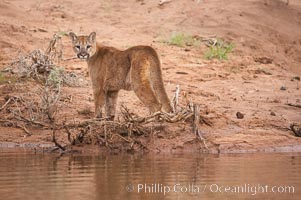 Mountain lion., Puma concolor, natural history stock photograph, photo id 12342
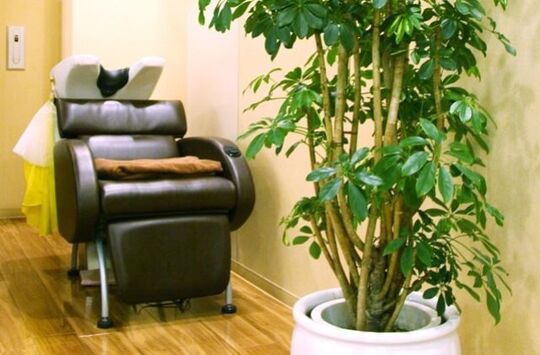 【三国】お給料17万円スタート★スタッフ同士仲が良いので一緒にキャリアアップ出来る環境！◇社会保険完備◇地域密着型のアットホームサロン“Ea（エア）”からアシスタント（美容師）の求人☆★☆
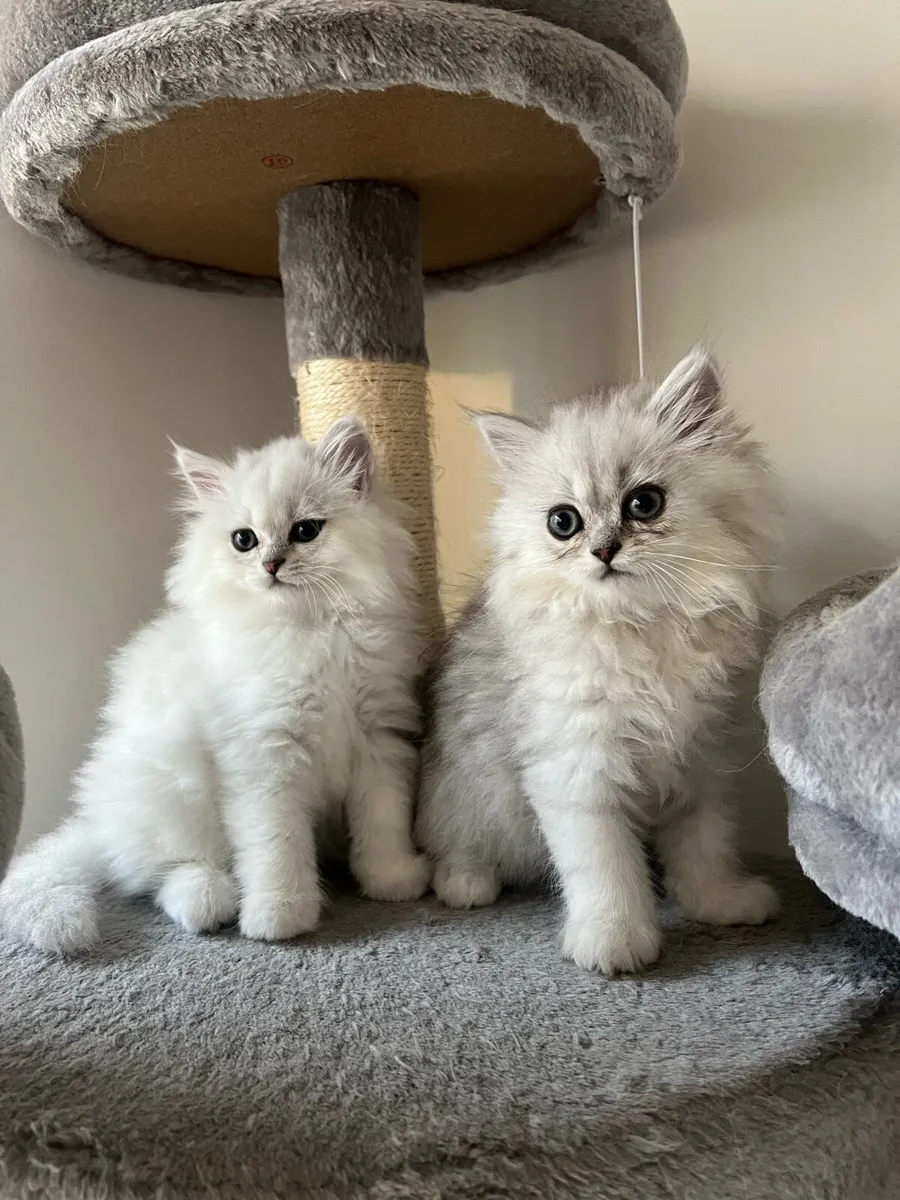 British Longhair & Chinchilla Kittens - Image 2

**WHAT YOU NEED TO DO:** Write out all the material verbatim, images excluded.

**RESULT OF THIS TASK:**
 Mountain lion., Puma concolor, natural history stock photograph, photo id 12342
 【三国】お給料17万円スタート★スタッフ同士仲が良いので一緒にキャリアアップ出来る環境！◇社会保険完備◇地域密着型のアットホームサロン“Ea（エア）”からアシスタント（美容師）の求人☆★☆
 British Longhair & Chinchilla Kittens - Image 2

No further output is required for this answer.